Beginning with the line that contains "18K White Gold" and ending with the line that contains "Black Cat Hiding T-Shirt", reproduce the lines of the entries below exactly, omitting pictures.

* _Working data_:
- - -
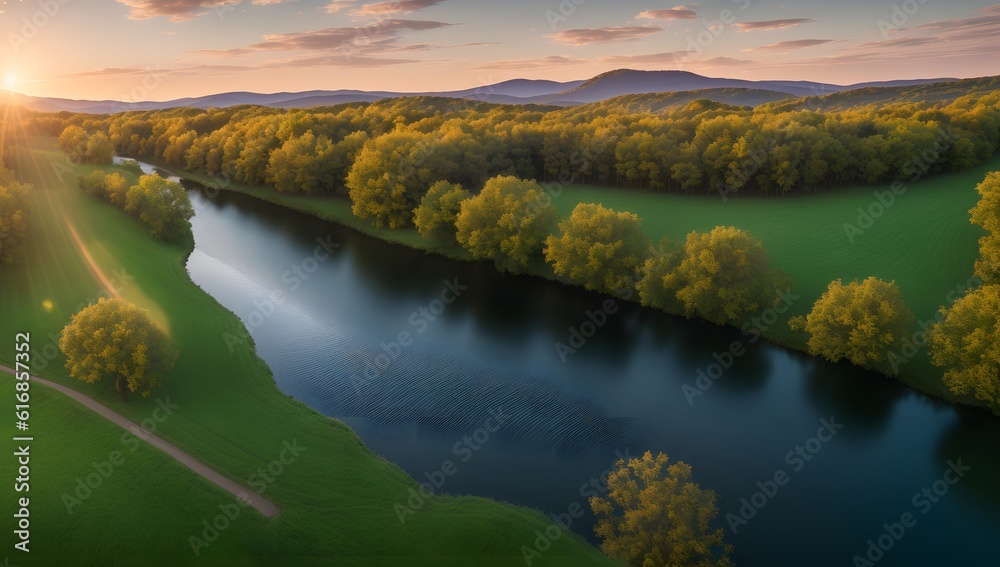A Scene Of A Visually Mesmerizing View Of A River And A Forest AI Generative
- - -
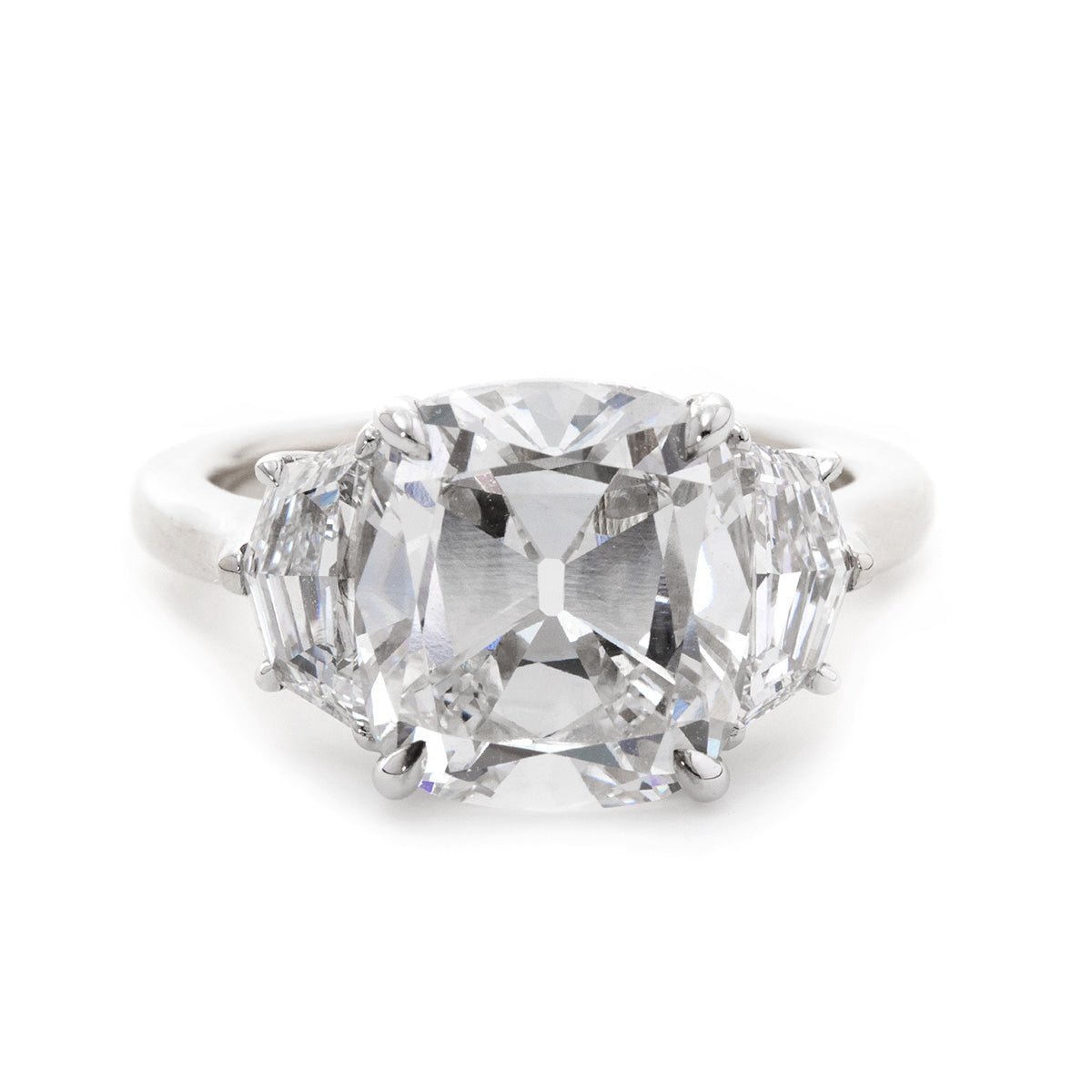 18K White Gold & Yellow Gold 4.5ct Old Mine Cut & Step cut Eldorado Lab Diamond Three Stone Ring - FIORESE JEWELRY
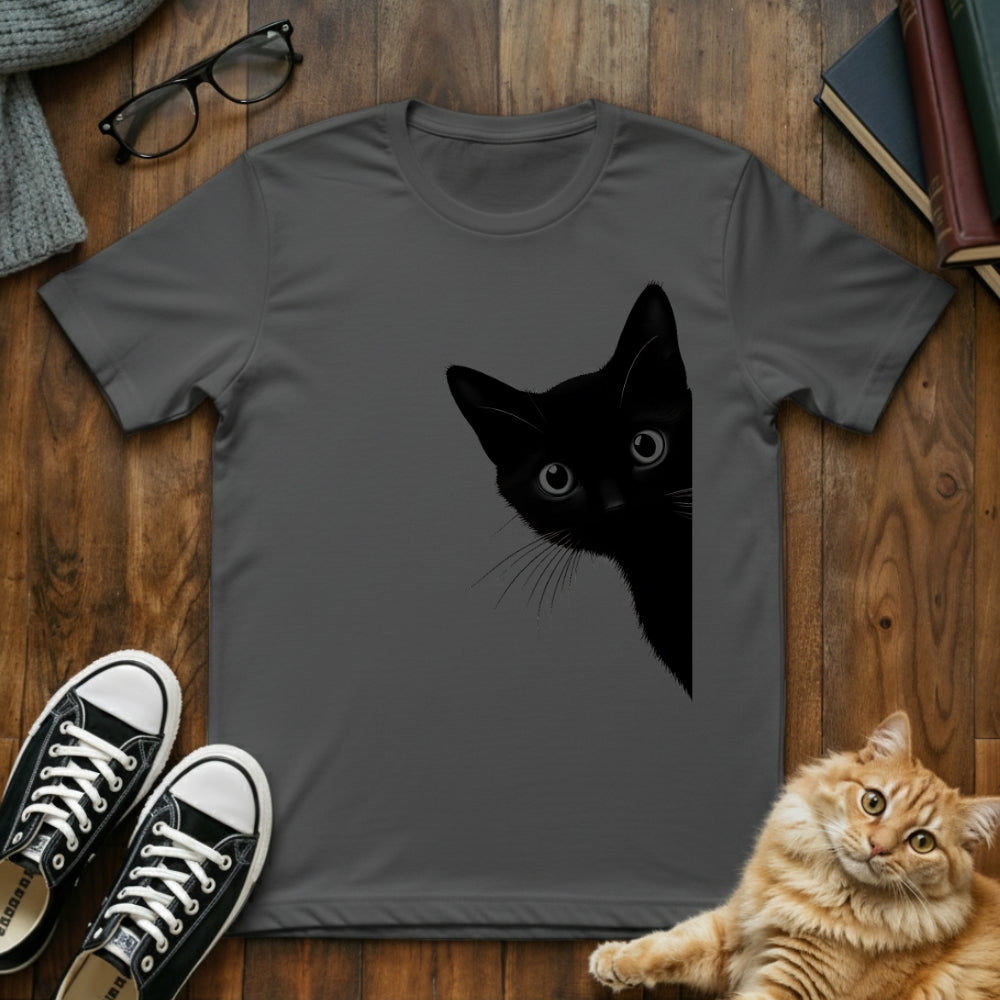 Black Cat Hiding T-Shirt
- - -
* _The answer_:
 18K White Gold & Yellow Gold 4.5ct Old Mine Cut & Step cut Eldorado Lab Diamond Three Stone Ring - FIORESE JEWELRY
 Black Cat Hiding T-Shirt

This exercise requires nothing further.